**WORK INSTRUCTION:** Could you retype all of the entries exactly, without their pictures?

Start of DATA SHOWN

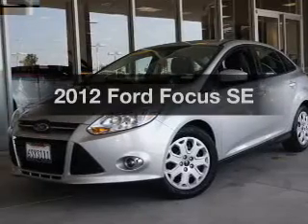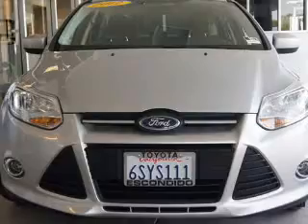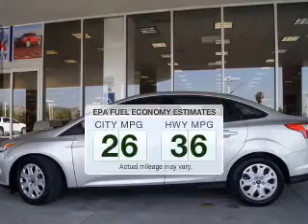Imagine yourself in this 2012 Ford Focus. This is the set of wheels you've been looking for. Save your money and make fewer trips to the gas station to fill your gas tank when driving this fuel-efficient vehicle.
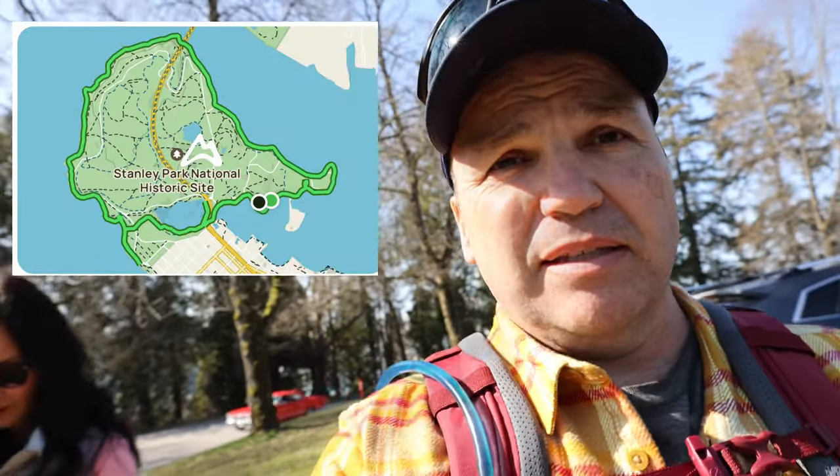We're going to do the loop at Stanley Park. It's about six miles. A few weeks ago we tried to do this, but the weather was not cooperative. It was cold, windy, and raining. We got about two miles in and said nope, we're out. But today, as you can see in the background, it is a beautiful day.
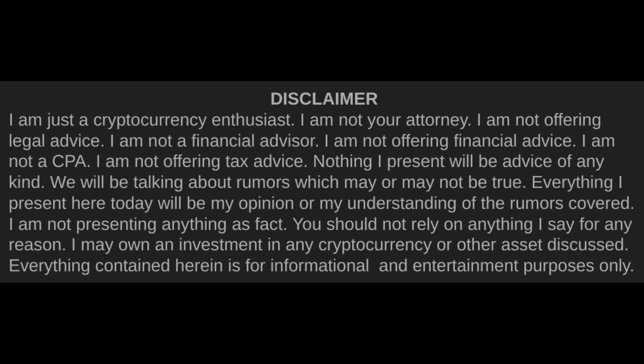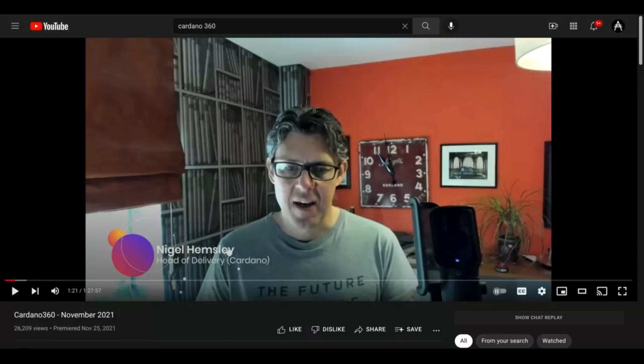We're covering the November Cardano 360 — it was an hour and 27 minutes — so I'm going to be talking a little bit fast. We're going to cover the Plutus application back-end progress, SIP30, blockchain optimizations, the progress of the Plutus partners, some perspective on Plutus from mLabs, more details from Africa, and a possible upcoming opportunity for Cardano users. It was nice to be back with Triple H — Harrison, Hemsley, Hammond — John Woods, and others. We got a lot of updates. I think this is a really interesting time in Cardano. We're sort of in that quiet-before-the-storm period.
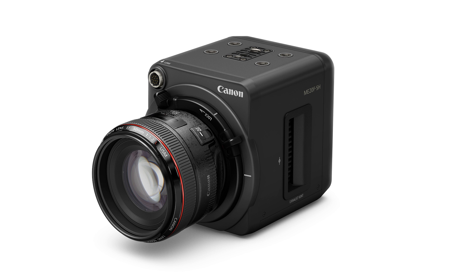The ME20FSH could be cool to rent, but certainly nothing I'm going to pay too much attention to right now, because there are no projects on my radar where I would need anything like that. Maybe one day I'll need to rent one and get to play around with it. But $30,000 — for Canon pricing, that sounds about right.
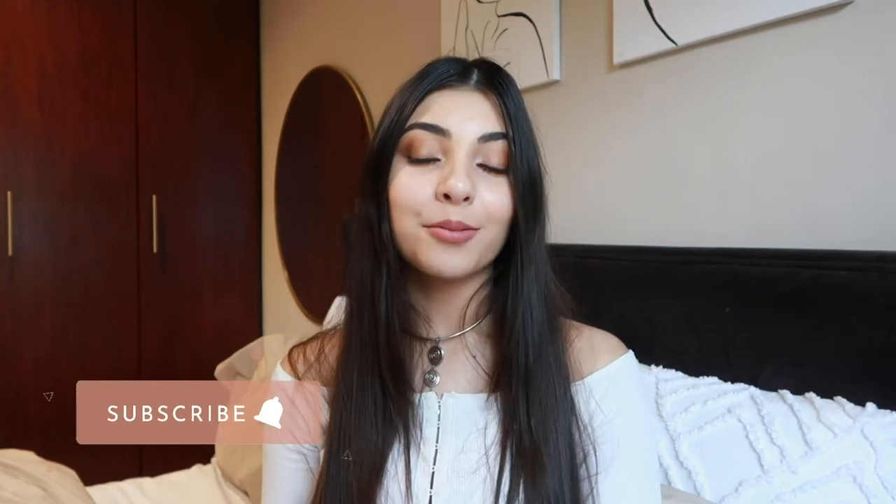Hey everyone, welcome back to my channel, or welcome to my channel if you're new. My name is Tam, and in today's video I'm going to be sharing some of my June favorites with you. The categories we're going to be talking about today are beauty, fashion, music, and some home stuff. So without further ado, let's just get started.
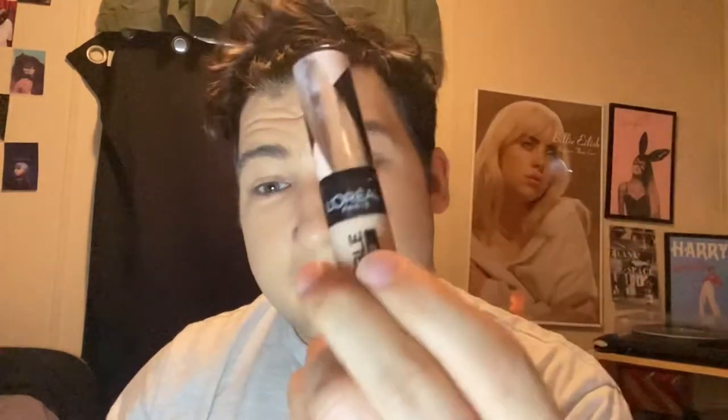And now we're gonna go with our concealer. This is the concealer I used — L'Oreal Paris. Very good.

End of DATA SHOWN

**OUTPUT OF THE EXERCISE:**
Imagine yourself in this 2012 Ford Focus. This is the set of wheels you've been looking for. Save your money and make fewer trips to the gas station to fill your gas tank when driving this fuel-efficient vehicle.
We're going to do the loop at Stanley Park. It's about six miles. A few weeks ago we tried to do this, but the weather was not cooperative. It was cold, windy, and raining. We got about two miles in and said nope, we're out. But today, as you can see in the background, it is a beautiful day.
We're covering the November Cardano 360 — it was an hour and 27 minutes — so I'm going to be talking a little bit fast. We're going to cover the Plutus application back-end progress, SIP30, blockchain optimizations, the progress of the Plutus partners, some perspective on Plutus from mLabs, more details from Africa, and a possible upcoming opportunity for Cardano users. It was nice to be back with Triple H — Harrison, Hemsley, Hammond — John Woods, and others. We got a lot of updates. I think this is a really interesting time in Cardano. We're sort of in that quiet-before-the-storm period.
The ME20FSH could be cool to rent, but certainly nothing I'm going to pay too much attention to right now, because there are no projects on my radar where I would need anything like that. Maybe one day I'll need to rent one and get to play around with it. But $30,000 — for Canon pricing, that sounds about right.
Hey everyone, welcome back to my channel, or welcome to my channel if you're new. My name is Tam, and in today's video I'm going to be sharing some of my June favorites with you. The categories we're going to be talking about today are beauty, fashion, music, and some home stuff. So without further ado, let's just get started.
And now we're gonna go with our concealer. This is the concealer I used — L'Oreal Paris. Very good.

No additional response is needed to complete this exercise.